What's my personal spin on getting culture into and out of a corporation? Getting people to use it. I'd sold the use of our
"Culturally Influential Consumer Groups®" for purposes in market research to corporations such as General Motors for years. My biggest supporters in GM's top tier strategic office promoting this work and their roles of Chief Culture Officers were on one assignment Paula Travenia who had communications research oversight of Buick and agency McCann-Erickson and Marina Shoemaker who had strategic communications oversight for all of GM's brands. They liked the work and hired me again and again...but alas, no one was going to save GM single handedly (and that caveate was provided time and again by Marina who kept building her arsenal of Cultural Influence Knowledge on her brands).

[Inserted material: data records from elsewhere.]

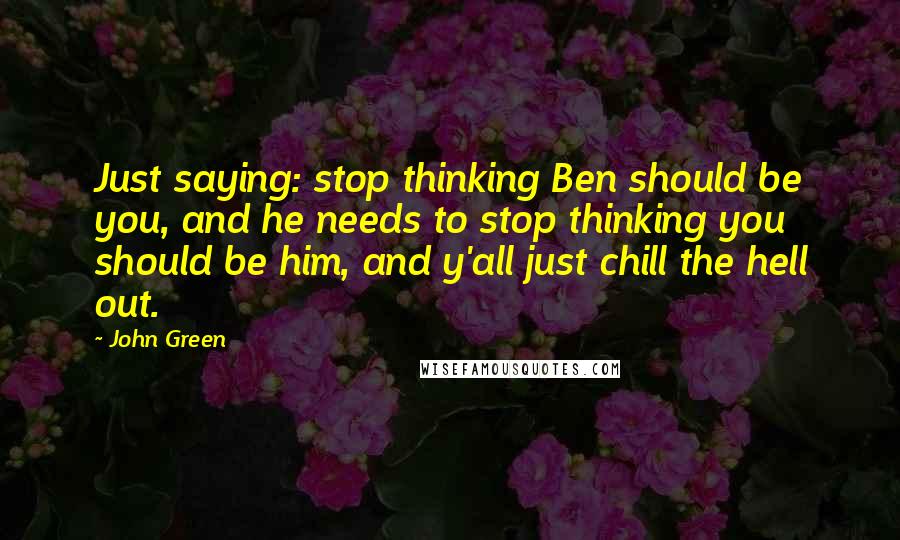 John Green Quotes: Just saying: stop thinking Ben should be you, and he needs to stop thinking you should be him, and y'all just chill the hell out.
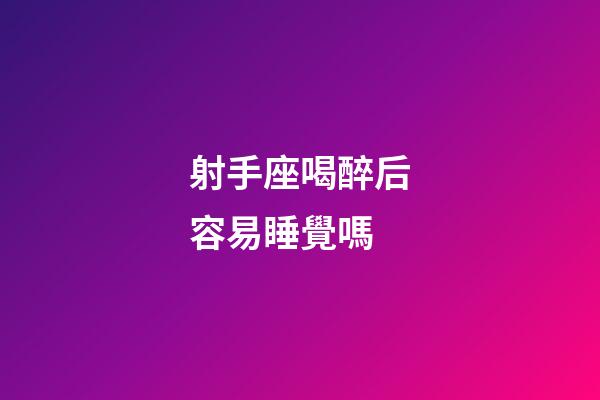 射手座喝醉后容易睡覺嗎-第1張-星座運勢-玄機派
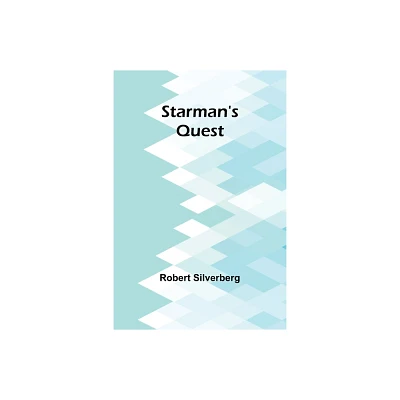 Starmans Quest - by Robert Silverberg (Paperback)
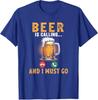Beer Is Calling Funny Joke Drinker Drinking Beer Lover Team TShirt Unisexs Fashion Summer Fashion Vacation Holiday Clothes Y2k Tee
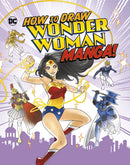 How to Draw Wonder Woman Manga!-9781398253711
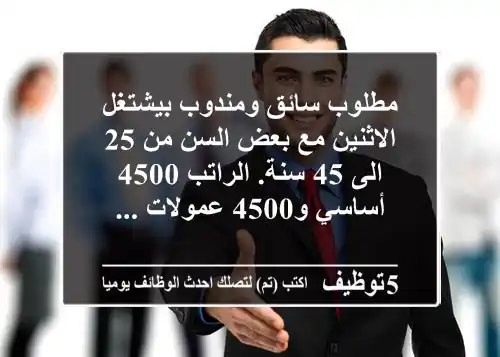 مطلوب سائق ومندوب بيشتغل الاثنين مع بعض السن من 25 الى 45 سنة. الراتب 4500 أساسي و4500 عمولات ...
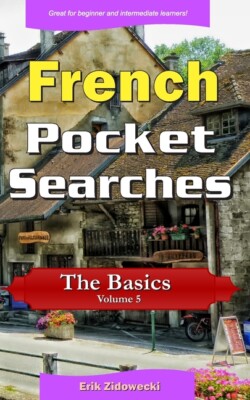 French Pocket Searches - The Basics - Volume 5: A Set Of Word Search Puzzle...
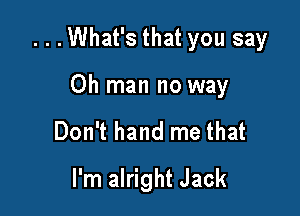 ...What's that you say

Oh man no way
Don't hand me that
I'm alright Jack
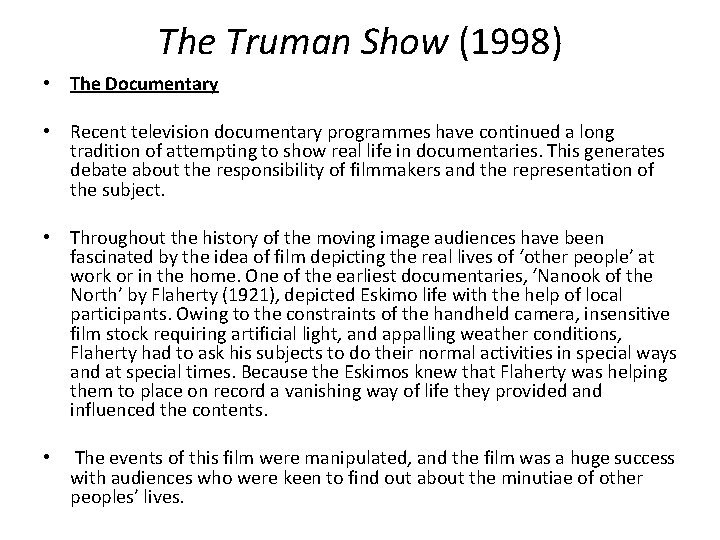 The Truman Show (1998) • The Documentary • Recent television documentary programmes have continued The Truman Show (1998) • The Documentary • Recent television documentary programmes have continued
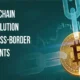 Crypto and Blockchain The Future of Cross-Border Translation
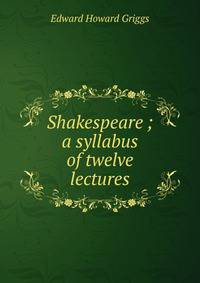 Shakespeare ; a syllabus of twelve lectures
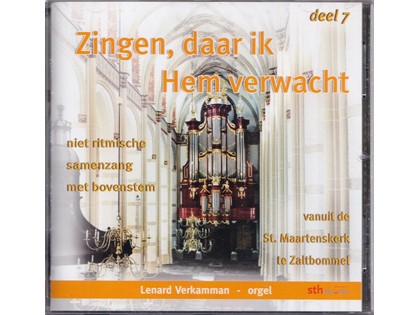 Zingen, daar ik Hem verwacht - Niet-ritmische samenzang met bovenstem vanuit de St. Maartenskerk te Zaltbommel - Lenard Verkamman bespeelt het orgel
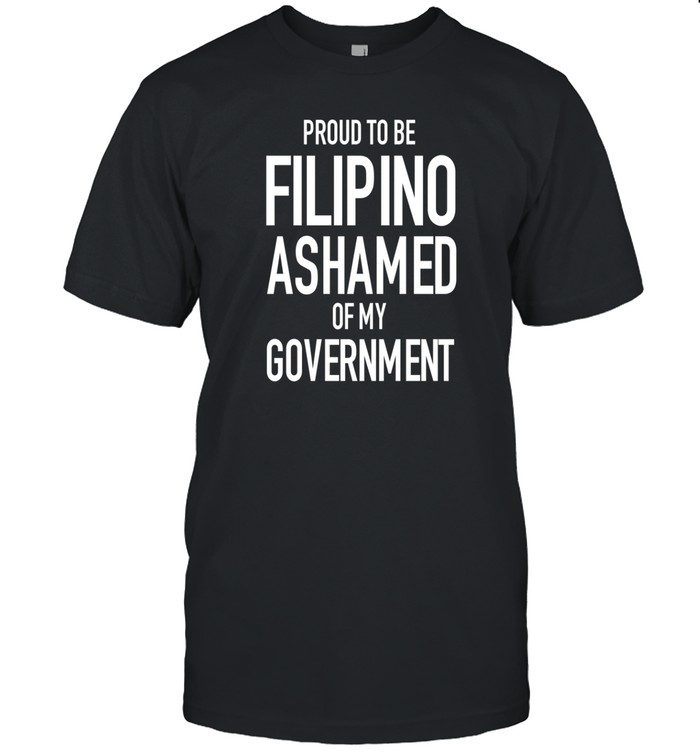 Gardo Versosa's Proud Tobe Filipino Ashamed Of My Government T Shirt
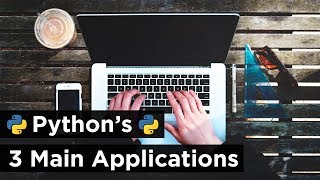 What Can You Do with Python  The 3 Main Applications [upl. by Jain]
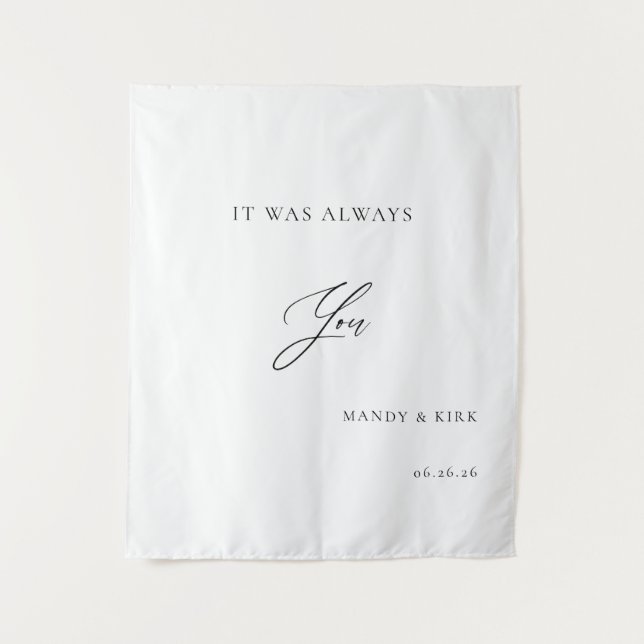 It Was Always You Wedding Backdrop Minimalist Tapestry (Front)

Should their resume or CV cross your desk you will find yourself in contact with two of the sharpest Chief Culture Officers on the planet.
Another early adapter of getting cultures into and out of a corporation was Procter & Gamble's Paper Division President, Dick Nicolosi who hired us to get a better "cultural" handle on the Pampers brand. Pampers thought the only reason people purchased disposable diapers were for reasons of ‘fit’ and ‘dryness.’ You had to ‘fit’ the baby better and keep the baby ‘drier.’ And as retailers began dropping Pampers from their shelves, P&G executives wondered what they could do to retain distribution and reverse the downward trend in the company's share of the disposable diaper market. Calle & Company’s proven
Social Engineering® process enabled consumers to turn Pampers into the ‘developmental’ diaper brand. Pampers, re-launch as Pampers ‘Phases’ Developmental Diapers convinced moms that being a toddler was just another ‘step’ or ‘stage’ in the ‘development’ of their infants and newborns. By Socially Re-Engineering Pampers as “the developmental brand” Pampers arrested toddlers migrating to rival Kimberly-Clark’s Pull-Ups, sustaining distribution and gaining $11.2 billion ($1.2 billion per year) in diaper sales over the next ten years.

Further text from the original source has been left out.